Po kosmetyce toru trener Stali za Jasińskiego posłał pod taśmę Woźniaka, który z Vaculikiem pokonali 5:1 Drabika i Worynę. Potem komplet punktów dopisali do swojego dorobku goście po tym, jak Madsen i Miśkowiak nie dali szans Pollestadowi i Stojanowskiemu.

W siódmym biegu to Woźniak z Fajferem wygrali 5:1 z Mikkelsenem i Halkiewiczem. Gospodarze przegrywali, ale ponownie tylko dwoma punktami (20:22). Potem częstochowianie po raz trzeci zainkasowali komplet - wygrał Drabik przed Woryną, a punkt zdobył Pollestad.

W następnym starcie upadek na pierwszej prostej miał Szymon Woźniak. Sędzia wykluczył go za przerwanie biegu. W powtórce osamotniony Fajfer urwał rywalom dwa punkty. Włókniarz wygrał 4:2 i prowadził w meczu 31:23.

W 10. biegu Fajer wystąpił w ramach taktycznej za Jasińskiego i zajął trzecie miejsce. Zwyciężył Vaculik przed Michelsenem, a ostatni był Kupiec. Stal wygrała 4:2. Kolejny bieg także zakończył się zwycięstwem miejscowych 4:2 - triumfował Vaculik jadący z rezerwy za Jasińskiego. Drugi był Madsen, a trzeci Woźniak. Bez punktu zakończył ściganie Drabik.

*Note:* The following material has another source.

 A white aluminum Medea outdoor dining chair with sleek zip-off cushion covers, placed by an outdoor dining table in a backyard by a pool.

Następna gonitwa zakończyła się remisem, a na koniec części zasadniczej, w 13. wyścigu Włókniarz wygrał 5:1 i przed biegami nominowanymi prowadził 43:35. Ten wynik oznaczał, że Stal mogła już tylko doprowadzić do remisu w tym spotkaniu.

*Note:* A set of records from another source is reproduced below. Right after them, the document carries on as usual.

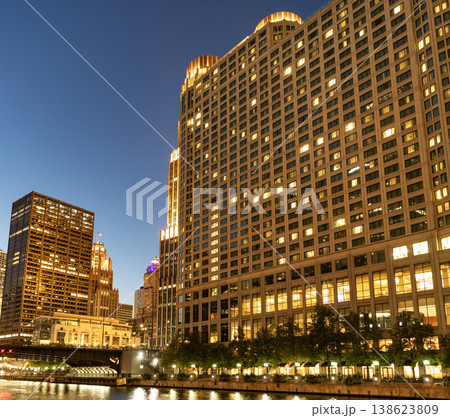 Business skyscraper at night. Skyscraper in city downtown. City architecture. Office building in business district. Modern glass building. Chicago night city. Night cityscape of Chicago skyscraper 138623809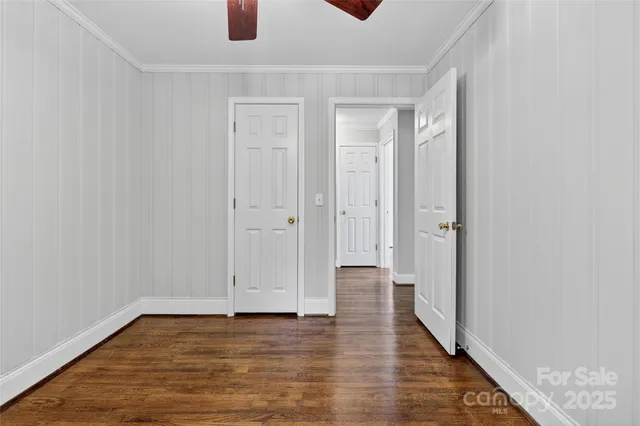 a view of a livingroom with wooden floor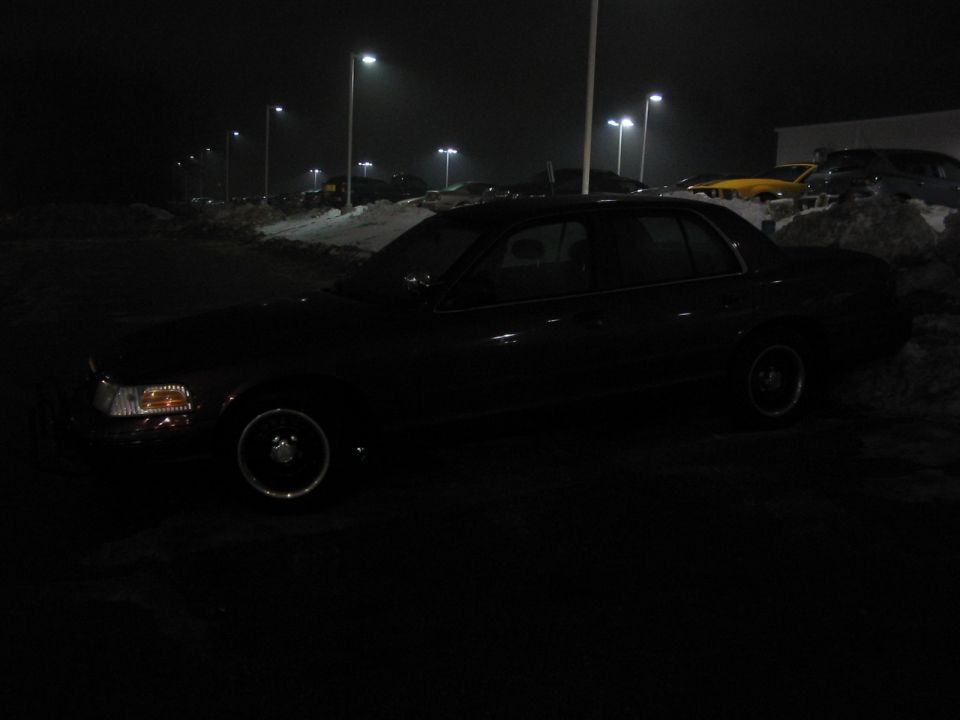 Side view of a black 2001 Ford Crown Victoria parked at night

W 14. wyścigu Woryna z Michelsenem pokonali jednak 4:2 Fajfera oraz Pollestada i Włókniarz mógł świętować meczową wygraną w Gorzowie.

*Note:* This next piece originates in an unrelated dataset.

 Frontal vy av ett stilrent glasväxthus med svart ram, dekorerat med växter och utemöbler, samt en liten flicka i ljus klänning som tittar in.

Ostatnie słowo należało do gospodarzy. 15. bieg wygrał Vaculik, drugi był Madsen, a za nim do mety dojechali Woźniak i Miśkowiak. Stal wygrała 4:2, a cały mecz przegrała 41:49.

Osłabiona brakiem Thomsena ekipa z Gorzowa Wlkp. walczyła, ale bardziej wyrównany skład Włókniarza okazał się kluczem do jego wygranej. Mecz rewanżowy w Częstochowie 20 sierpnia o godz. 19.15.

Pierwszy mecz ćwierćfinałowy: ebut.pl Stal Gorzów - Tauron Włókniarz Częstochowa 41:49.

Punkty:

ebut.pl Stal Gorzów: Martin Vaculik 14 (0,2,3,3,3,3), Szymon Woźniak 11 (3,3,3,w,1,1), Oskar Fajfer 7 (0,2,2,1,0,2), Oskar Paluch 5 (3,2,0), Mathias Pollestad 4 (1,1,1,1,0), Jakub Stojanowski 0 (d,0,0), Wiktor Jasiński 0 (0,-,-,-).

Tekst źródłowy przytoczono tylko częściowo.